Kepler started as a classical idealist, but he eventually abandoned the ideal circle when all attempts at reconciling it with Tycho’s precise measurements of Mars failed. He could have kludged it into agreement with more epicycles but decided to try simple alternative figures that could be calculated analytically. Lo and behold, a suitably constructed ellipse, differing only slightly from a circle at low eccentricity, worked well. The stage was set for Newton to explain the motion mechanically.

Let me add that Kepler was not entirely happy with his elliptical model, being unable to make full mechanical sense of it. I have seen him quoted as describing it as “one more cart-load of dung as the price for ridding the system of a vaster amount of dung.”1 Nevertheless he did not reject it on these grounds, and is to be heartily commended for that.

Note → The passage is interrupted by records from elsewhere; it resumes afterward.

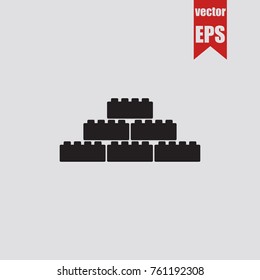 Building block icon in trendy isolated on grey background.Vector illustration.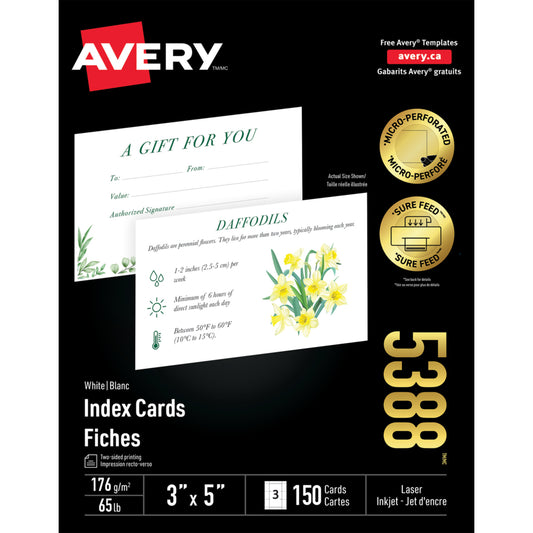 Fiches Avery, paquet de 150 cartes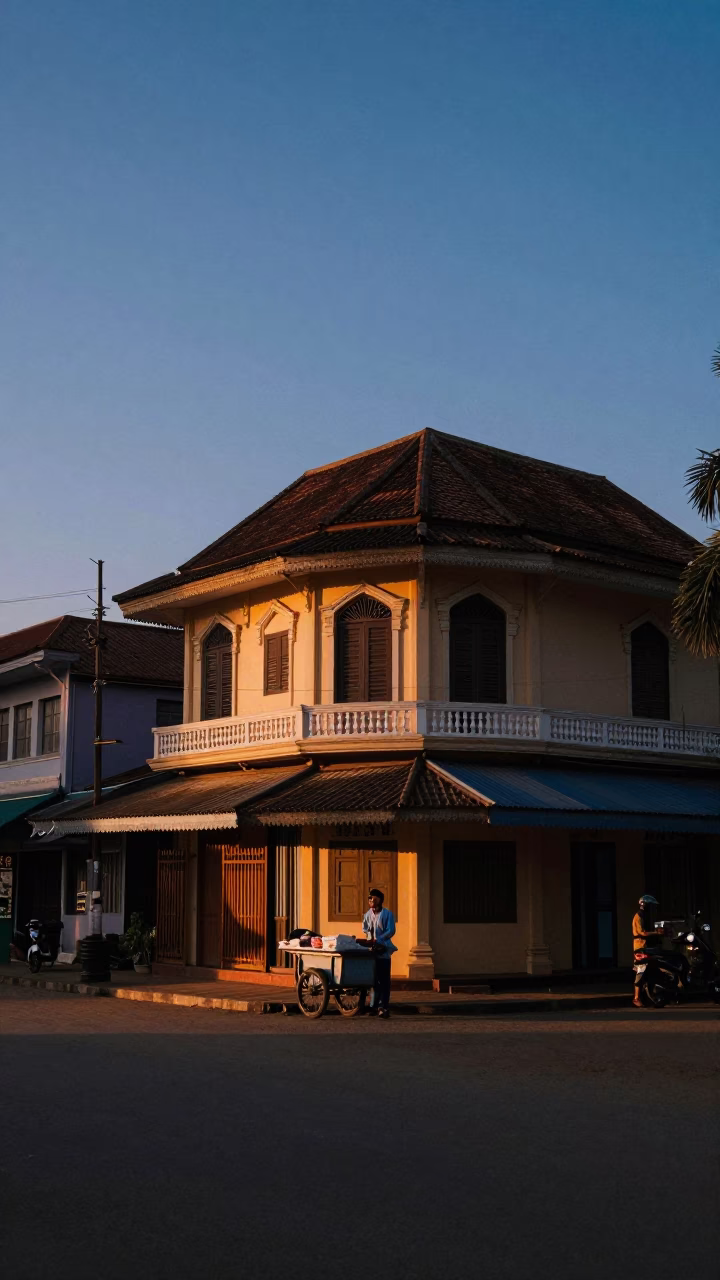 Street Scene in Phnom Penh at First Light Of Dawn in in Phnom Penh, Cambodia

1Toulmin and Goodfield, The Fabric of the Heavens, p. 247, ca. 1960

2013-Apr-11, 06:02 AM
I almost cannot believe the quote. Far too human for a legend. But Newton finally made perfect sense of it, right? Today, isn't it a little harder to discover something so profound (I mean considering prominence of epicycles at the time)?

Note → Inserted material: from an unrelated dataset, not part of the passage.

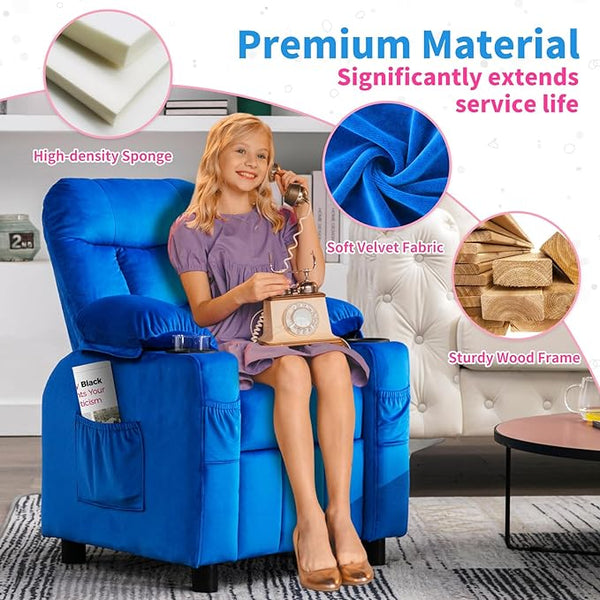 Kids Recliner, Toddlers Kids Recliner Chair with Cup Holder, Ergonomic Adjustable Velvet Lounge Chair with Footrest & Side Pockets, Toddlers Kids Baby Sofa for Boys and Girls Bedroom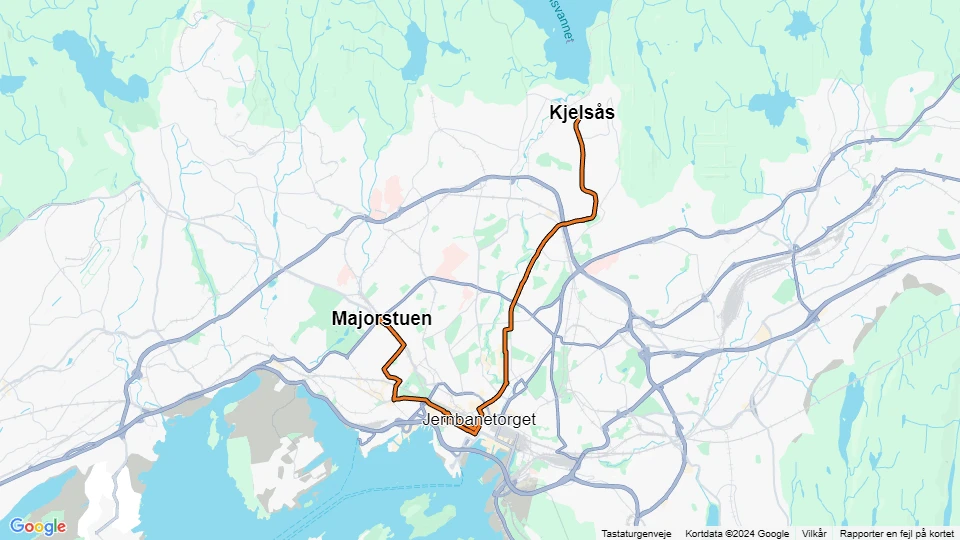 Oslo Straßenbahnlinie 11: Majorstuen - Kjelsås Linienkarte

Perhaps now, we are doing our own epicycles. Believing we know, we invent things to keep it right.

2013-Apr-11, 09:35 AM
Perhaps now, we are doing our own epicycles. Believing we know, we invent things to keep it right.
I believe that's how it works.

2013-Apr-11, 09:58 AM
I believe that's how it works.

Yup. Nice essay. We should always be cautious when adding parameters to make a mathematical model consistent with reality. Without a solid, testable, bases for the new parameter, it is just an epicycle, even if you give it a new fancy kname.

2013-Apr-16, 02:14 PM
A quote from the other Copernicus thread:

It is an interesting scientific question as to how such metaphysical thinking may have persisted at the hinge between ancient and modern, and how this supposedly 'pure' ancient rational geometry gave rise to the purely empirical modern knowledge of planetary movement. The omitted discussion of Pythagoras in the precession chapter of On The Revolutions raises a comparable question to his use of circular motion: is this material grounded more in parsimony or perfection? Further, we can ask why did Copernicus choose to first write this rather mythological text and then leave it out, only for it to be reinserted three hundred years later? It seems inevitable that there were broad oral traditions of which Copernicus was aware but which he did not commit to paper.

My bold. That is a very good question. My conclusion is that Copernicus was a purist here, while Ptolemy was more parsimonious in resorting to an eccentric deferent with an equant to fit the observations to what we now know is a Keplerian ellipse. Please note that Copernicus used a centered deferent and two epicycles to fit the observed eccentricity and variable speed around the orbit. He could have achieved the same vector resultant by placing the deferent off center and using just the smaller epicycle, but it appears to me that he was after a sense of order and consistency rather than superficial simplicity. He used this same construction for all of the planets, while Ptolemy used one sort of construction for Mercury and Venus, which stay close to the Sun in angular position, and a different one for the other planets, which can have all possible elongations from the Sun. His treatment of the Sun as the common center and Earth as just another planet made this possible.

Let’s look back at Aristotle’s model, in which everything went around the presumed stationary Earth in nested combinations of concentric circles. His opinion on the Earth’s stationary state was not unanimous, but he had inferred it on the basis of what we now know were flawed exercises in physics which were the best he could do without some advances in mathematics that still were far in the future. Enough appropriate progress had been done in the meantime to assure Copernicus that neither observation nor logic could argue against a rotating and orbiting Earth. His Sun-centered model achieves a conceptual unity that Aristotle might well have endorsed if he could have been time-warped to the 16th century and had the benefit of early Renaissance mathematical progress.